Calantzopoulos, 55, has been with the company since 1985 and served as PMI’s president and CEO since 2002. Calantzopoulos said in his statement that he is “grateful” to Camilleri for his mentoring and passion, and all future leaders of PMI will be judged by the standards laid by him.
Calantzopoulos was also nominated for election to the board and will become the CEO on May 8 after the annual meeting of shareholders.
The maker of Marlboro and L&M cigarettes revealed that, excluding China and the United States, it enjoyed a 28.8 percent stake of the global cigarette market last year. Lou Noto, the company’s independent presiding director will continue with his current designation following the leadership change.

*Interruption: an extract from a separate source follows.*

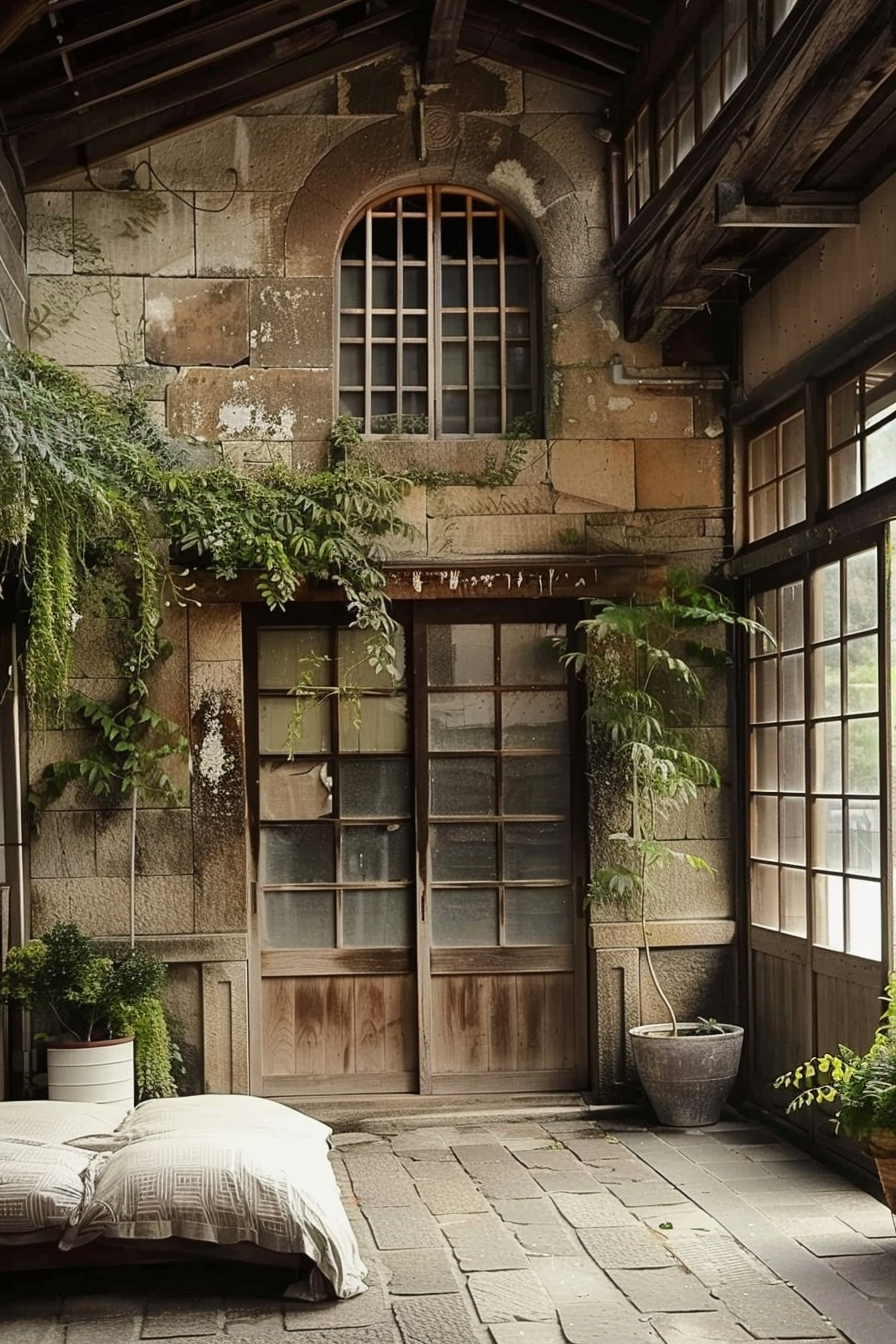 The scene shows an exterior corner of a rustic building with a charming blend of materials and textures. A weathered wooden door with translucent glass panes stands gracefully beside a large window with barred segments, hinting at an older architectural style. Above the door, a semicircular stone arch surrounds a barred window, contributing a medieval touch to the building's character. Plush-looking pillows rest on the stone pavement, inviting relaxation in this serene nook that's enlivened by cascading greenery. The plant life, both wild and potted, adds a touch of vitality, indicating a harmonious coexistence with nature as the ferns and vines softly drape over the stone and wood surfaces. Rustic building corner with wooden door, barred windows, and greenery with pillows on pavement.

For the fourth, the maker of Marlboro posted an 11 percent rise in profits and 2.8 percent in net revenues owing to higher volumes in Asia and Eastern Europe, Middle East and Africa. Sales for the company in Europe suffered in the fourth quarter with the debt crisis forcing users to cut back or switch to roll-your-own-smokes.
Since the spinoff till 2012, the New York based company has increased its dividend each year totaling 85 percent. Also, during this period, the company has returned more than $50 billion to shareholders in the form of dividends and stock buybacks.
The tobacco giants’ share felt a little impact of the news, sliding just 0.13 percent to $90.77 in premarket trading on Wednesday. So far this year, stock has gained 8.7 percent.